My Channel

Friday, November 22, 2013

NBC is just beside itself that we are driving so darn much. Don't worry, they have a solution


We'll tax you by the mile.
Improved fuel efficiency is one of the easiest and practical solutions society can implement to combat climate change, but its unintended consequences are large: potholes and shaky bridges all across the U.S. map. That's because more efficient cars mean yield barren fuel-tax coffers, which traditionally have funded bridge and road infrastructure.
Because climate change is real and unintended consequences of taxes and regulations are just all made up in your mind and stuff. Imagine all these damn drivers having the temerity to actually use the roads and bridges for.. driving! The nerve. The roads and bridges would be in pristine condition if we'd just stop using them.
The federal gas tax of 18.4 cents a gallon hasn't budged in two decades, and that hasn't helped those coffers, either; indexed for inflation, it would be at about 30 cents per gallon today. The effect is that such infrastructure has nearly 40 percent less funding than in 1993.
Because we are spending the money we get in very wisely. We never waste in the government.

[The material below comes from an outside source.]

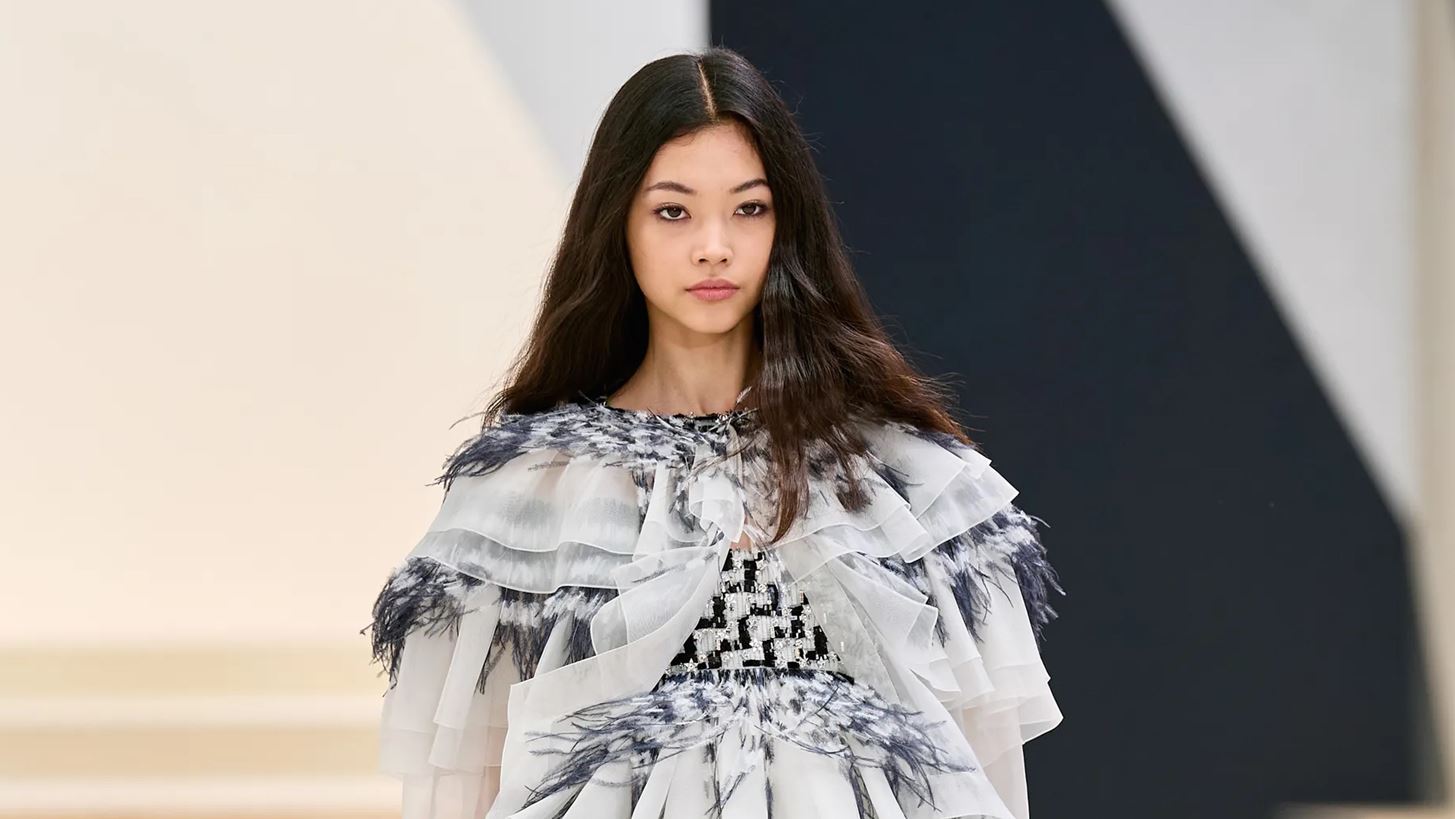 Haute Couture Week trends | T&#x3BF; &#x3C6;&#x3C5;&#x3C3;&#x3B9;&#x3BA;&#x3CC; (&#x3AD;&#x3C9;&#x3C2; &#x3B1;&#x3BD;&#x3CD;&#x3C0;&#x3B1;&#x3C1;&#x3BA;&#x3C4;&#x3BF;) &#x3BC;&#x3B1;&#x3BA;&#x3B9;&#x3B3;&#x3B9;&#x3AC;&#x3B6; &#x3B5;&#x3AF;&#x3BD;&#x3B1;&#x3B9; &#x3C0;&#x3B9;&#x3BF; hot &#x3B1;&#x3C0;&#x3CC; &#x3C0;&#x3BF;&#x3C4;&#x3AD;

What taxes get spent in Vegas, stay in Vegas. Until they go back to Washington
There's just no other choice. We must raise the gas tax. This will stop you knuckle-draggers from driving all the time so we can stuff you on to mass transit that runs on our schedule, not yours. 
"Dealing with climate change is not a top priority of Oregon's transportation planners," said Steve Woolpert, professor of politics at Saint Mary's College of California. 
Some view the VMT as a means of addressing an unfairness in the system as people opt for more fuel-efficient vehicles—for example, that Prius drivers end up paying less for road infrastructure than their gas-guzzling counterparts. Woolpert thinks that's a wrongheaded argument. "(VMT) will weaken incentives for buying fuel-efficient vehicles. … It is unfortunate that Oregon is pursuing a VMT rather than a comprehensive response to climate change."
Maybe because the climate change is laughable. If all these climate change people really were that worried about it, maybe they wouldn't be buying up all this coastal property that will be underwater in a few years because of polar ice melt or whatever.
 "The high cost of coastal homes in New York and Los Angeles is on its own a market signal that the alleged threat of global warming is well overdone. Even worse for those who buy into the theory of global warming that says a planetary crack-up is inevitable absent a substantial human response, is that Malibu, Manhattan and the Hamptons are filled with the very people who, when asked if they believe in the global warming theory, would most likely say yes. Ok, so Ted Danson owns in Martha's Vineyard, noted environmental activist Laurie David does too, and then Al Gore is known to have purchased a coastal palazzo in Montecito, CA. What this tells us is that even global warming's most famous advocates don't believe very deeply in their own activism. To believe the warmists we're sitting idle as Rome supposedly burns, but as evidenced by the popularity of coastal property among warmists and non-warmists alike, the market says the 'science' predicting catastrophe is utter nonsense."
Look, we're going to tax you. We disapprove of your lifestyle of thinking and doing for yourself. We'll do whatever the hell we want but you are racist knuckle draggers who vote GOP and that's got to stop.